C’est dans ce contexte minier nouveau que L-D Kabila avait octroyé en 2000, le monopole de la commercialisation des diamants à la firme IDI Diamonds de l’israélien Dan Gertler. L’homme d’affaires n’en était pas encore un ; il n’avait à l’époque que 27 ans et sans aucune référence de succès ou d’expertise professionnels. L’accord IDI avait été conclu par deux membres de l’entourage du chef de l’Etat. Dan Gertler avait promis de procurer rapidement 20 millions de dollars US, entre autres pour acheter des armes, grâce à ses prétendues relations avec des généraux israéliens. Il s’agissait d’un pillage typique et dénoncé par le Panel de l’ONU, et en même temps d’un accord criminel et classé comme « diamants de sang ». Finalement, l’affaire fut un désastre national, sauf pour Dan Gertler lui-même qui s’en était enrichi.
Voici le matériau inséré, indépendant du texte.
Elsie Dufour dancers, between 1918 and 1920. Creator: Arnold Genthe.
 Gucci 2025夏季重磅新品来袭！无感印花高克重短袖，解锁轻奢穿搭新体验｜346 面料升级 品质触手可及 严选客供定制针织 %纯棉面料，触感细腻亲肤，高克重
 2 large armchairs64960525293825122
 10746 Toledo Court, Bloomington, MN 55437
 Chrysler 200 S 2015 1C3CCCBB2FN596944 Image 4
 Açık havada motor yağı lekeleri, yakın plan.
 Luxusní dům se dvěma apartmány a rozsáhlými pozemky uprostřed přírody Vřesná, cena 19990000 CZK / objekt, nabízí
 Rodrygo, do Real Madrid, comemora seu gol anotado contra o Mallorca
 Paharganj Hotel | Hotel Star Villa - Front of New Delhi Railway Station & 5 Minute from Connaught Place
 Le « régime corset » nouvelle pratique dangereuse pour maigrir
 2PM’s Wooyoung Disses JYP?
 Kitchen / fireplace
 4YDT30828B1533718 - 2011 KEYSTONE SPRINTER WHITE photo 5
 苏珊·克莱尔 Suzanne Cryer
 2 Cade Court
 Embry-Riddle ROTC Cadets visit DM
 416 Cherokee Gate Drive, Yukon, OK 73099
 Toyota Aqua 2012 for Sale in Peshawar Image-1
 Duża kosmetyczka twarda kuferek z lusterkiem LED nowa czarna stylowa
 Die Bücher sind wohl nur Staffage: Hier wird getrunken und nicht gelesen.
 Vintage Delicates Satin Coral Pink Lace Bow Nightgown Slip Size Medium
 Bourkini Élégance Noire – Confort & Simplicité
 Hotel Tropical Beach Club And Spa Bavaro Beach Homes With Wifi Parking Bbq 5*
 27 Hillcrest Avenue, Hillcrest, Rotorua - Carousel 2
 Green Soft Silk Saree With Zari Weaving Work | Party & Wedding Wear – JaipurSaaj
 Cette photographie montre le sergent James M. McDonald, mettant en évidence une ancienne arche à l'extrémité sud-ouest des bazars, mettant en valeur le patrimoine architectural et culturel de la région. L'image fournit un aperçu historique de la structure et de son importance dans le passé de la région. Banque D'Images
IDI Diamonds aurait payé 3 millions de dollars US environ. Défaillante, la firme n’avait pas pu conquérir le marché en proposant des prix compétitifs, avec comme conséquence que les diamants avaient été trafiqués vers Brazzaville et Bangui. A l’époque, l’Observatoire Gouvernance Transparence (OGT) avait estimé que le monopole d’IDI avait favorisé la fraude et la criminalité dans ce secteur. A l’époque, les réseaux mafieux trafiquaient 300 à 400 millions de dollars US par an de diamants RDC. Certaines informations avaient même imputé à IDI l’assassinat de L-D Kabila, parce que le monopole avait fort mécontenté les milieux diamantaires libanais suspectés dans ce crime. Côté militaire, Dan Gertler a été poursuivi au tribunal par Yossi Kamisa qu’il avait recruté. On apprit au cours du procès que Gertler s’était rendu à Kinshasa avec Avigdor Ben Gal et Meir Dagan pour y rencontrer Kabila et ensuite demander au Ministère israélien de l’industrie militaire des autorisations d’exporter des armes légères en vue d’entraîner la garde présidentielle. Dan Gertler avait tenté d’expliquer aux juges que le marché IDI avait visé à améliorer la sécurité dans les mines de diamants congolaises. Chose que personne n’avait vue sur le terrain…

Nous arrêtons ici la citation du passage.